═══ Data section
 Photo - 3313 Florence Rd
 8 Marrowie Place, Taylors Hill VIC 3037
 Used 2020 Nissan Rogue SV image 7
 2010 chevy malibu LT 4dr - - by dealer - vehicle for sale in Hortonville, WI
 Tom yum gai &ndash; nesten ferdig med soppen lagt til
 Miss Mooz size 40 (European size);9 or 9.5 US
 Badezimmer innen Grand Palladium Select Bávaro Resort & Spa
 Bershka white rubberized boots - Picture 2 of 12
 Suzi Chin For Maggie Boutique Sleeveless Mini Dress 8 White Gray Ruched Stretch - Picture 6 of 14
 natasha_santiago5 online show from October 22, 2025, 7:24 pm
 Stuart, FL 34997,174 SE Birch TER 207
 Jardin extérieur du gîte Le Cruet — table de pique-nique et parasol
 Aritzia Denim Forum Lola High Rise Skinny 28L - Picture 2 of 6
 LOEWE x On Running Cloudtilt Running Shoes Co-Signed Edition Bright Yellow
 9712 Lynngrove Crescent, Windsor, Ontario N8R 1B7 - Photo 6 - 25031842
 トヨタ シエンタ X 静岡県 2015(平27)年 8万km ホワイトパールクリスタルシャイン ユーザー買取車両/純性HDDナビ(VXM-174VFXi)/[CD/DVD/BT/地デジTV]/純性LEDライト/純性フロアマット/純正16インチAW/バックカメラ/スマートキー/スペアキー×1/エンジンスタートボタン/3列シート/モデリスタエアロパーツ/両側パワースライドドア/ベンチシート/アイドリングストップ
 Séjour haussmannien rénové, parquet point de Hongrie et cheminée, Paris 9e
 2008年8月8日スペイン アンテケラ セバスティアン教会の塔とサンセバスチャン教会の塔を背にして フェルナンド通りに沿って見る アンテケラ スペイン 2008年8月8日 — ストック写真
══════
• Task directions:
Each record must be printed again, word for word, with nothing dropped.

• Written answer:
 Photo - 3313 Florence Rd
 8 Marrowie Place, Taylors Hill VIC 3037
 Used 2020 Nissan Rogue SV image 7
 2010 chevy malibu LT 4dr - - by dealer - vehicle for sale in Hortonville, WI
 Tom yum gai &ndash; nesten ferdig med soppen lagt til
 Miss Mooz size 40 (European size);9 or 9.5 US
 Badezimmer innen Grand Palladium Select Bávaro Resort & Spa
 Bershka white rubberized boots - Picture 2 of 12
 Suzi Chin For Maggie Boutique Sleeveless Mini Dress 8 White Gray Ruched Stretch - Picture 6 of 14
 natasha_santiago5 online show from October 22, 2025, 7:24 pm
 Stuart, FL 34997,174 SE Birch TER 207
 Jardin extérieur du gîte Le Cruet — table de pique-nique et parasol
 Aritzia Denim Forum Lola High Rise Skinny 28L - Picture 2 of 6
 LOEWE x On Running Cloudtilt Running Shoes Co-Signed Edition Bright Yellow
 9712 Lynngrove Crescent, Windsor, Ontario N8R 1B7 - Photo 6 - 25031842
 トヨタ シエンタ X 静岡県 2015(平27)年 8万km ホワイトパールクリスタルシャイン ユーザー買取車両/純性HDDナビ(VXM-174VFXi)/[CD/DVD/BT/地デジTV]/純性LEDライト/純性フロアマット/純正16インチAW/バックカメラ/スマートキー/スペアキー×1/エンジンスタートボタン/3列シート/モデリスタエアロパーツ/両側パワースライドドア/ベンチシート/アイドリングストップ
 Séjour haussmannien rénové, parquet point de Hongrie et cheminée, Paris 9e
 2008年8月8日スペイン アンテケラ セバスティアン教会の塔とサンセバスチャン教会の塔を背にして フェルナンド通りに沿って見る アンテケラ スペイン 2008年8月8日 — ストック写真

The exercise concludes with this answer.